With more than 25 miles of travel already logged that night, Bossie endured multiple compliments, flash photos, and pettings before becoming a Smoky Mountain delivery employee. Thoughtfully chewing her cud, she took it all in without comment, although later that evening she would perhaps make it known that the frequent loadings and unloadings were considered pointless.

The question was bound to be asked. We were in Eagle, and would be delivering to residential areas. 

“What if…” several of us queried.

“That’s why we’ve got the shovel,” assured Bossie’s caretakers, “We’re prepared.”

When the signal was given, everyone jumped into the closest car to get to witness Smoky Mountain customers’ reactions. It was all very “Candid Camera”, but with a cow.

I rode with Smoky Mountain Vice President of Operations manager, John Ryan, who took his managerial role seriously.

“Let’s see,” he said, scanning past his windshield, “Where’s the photographer? Hmmm. Oh, there he is. Good. Now, where is the delivery vehicle…?”

“…and the cow. Where has the cow gone?”

The absurdity of that question made me laugh.

“Oh, there she is, there’s Bossie. Good. Follow that cow!” John declared, creating a phrase to be repeated for the next two hours.

In Idaho, a truck towing a trailer with a cow isn’t exactly a spectacle. But a truck pulling a cow trailer in an upscale neighborhood being followed by two more farm trucks, a delivery van, and another five or six private vehicles isn’t something that’s seen every evening. 

As the convoy circled a neighborhood park, two residents stood at an intersection, looking more than a little confused.

“Watch this,” laughed John, as he pulled over and rolled down his window.

“Excuse me,” he said, in a polite, business-like tone, “we are looking for a cow. Have you perhaps seen a cow?”

Without a word, both women pointed to their left.

“Oh, thank you,” John replied, without  further explanation, “Have a good day, ladies.”

“Follow that cow!” he said again, enjoying the situation, adding, "Can you imagine the stories circulating through the neighborhood tomorrow morning?"

The cow trailer was pulled up directly in front of the residence, closely followed by the delivery van.

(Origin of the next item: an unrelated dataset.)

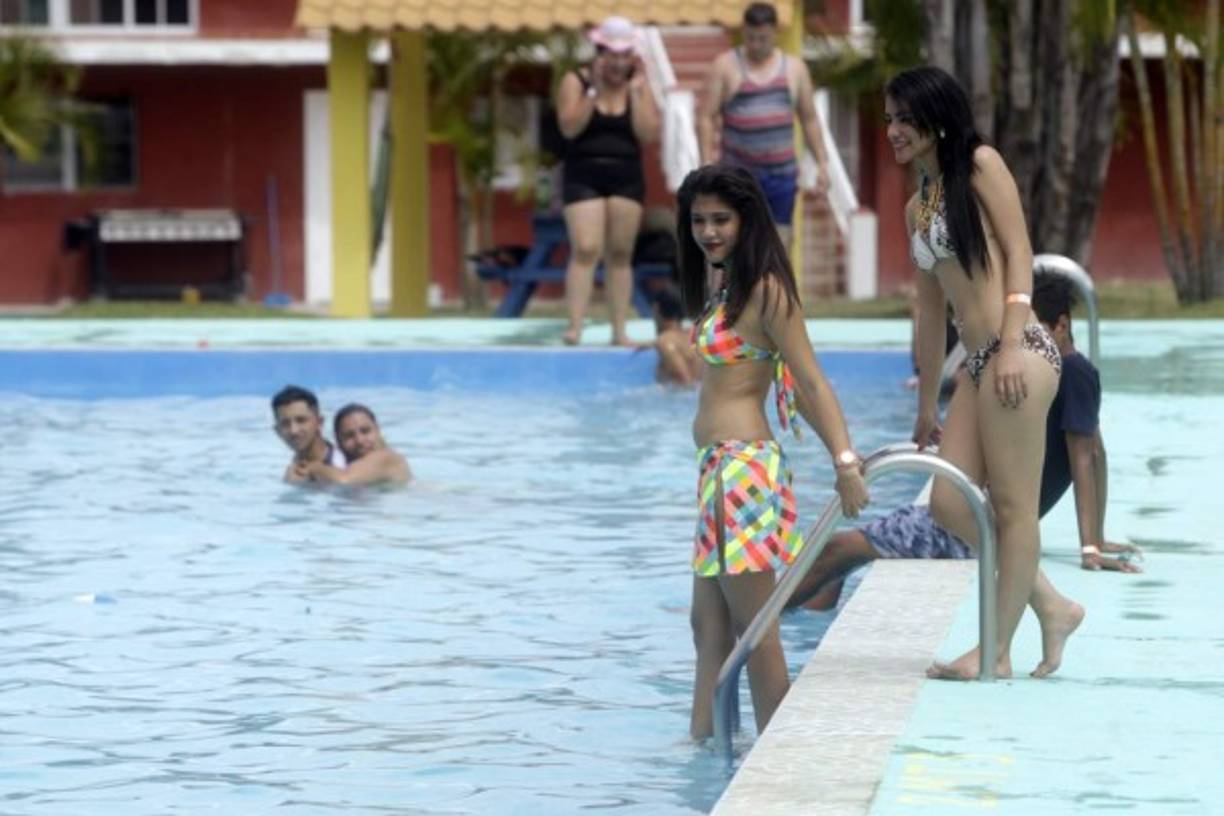 Estas jóvenes capitalinas disfrutan el momento de relajamiento.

As Bossie contemplated unloading, delivery person Bryce stood at the ready, holding the fresh, hot food, and grinning widely.

“This isn’t your typical day at Smoky Mountain,” he quipped, which made United Dairymen of Idaho’s Karianne Fallow want to get that on video. Bryce got to say the phrase three times over, with feeling.

Bossie’s handlers led her to the unsuspecting homeowners’ entrance, joined by Clint Jackson, who carried the pizza, Smoky Mountain’s VP of Operations, Bryce the Delivery Person, a handful of dairy farm family members, United Dairymen of Idaho friends, and multiple media, all with cameras aimed and ready. 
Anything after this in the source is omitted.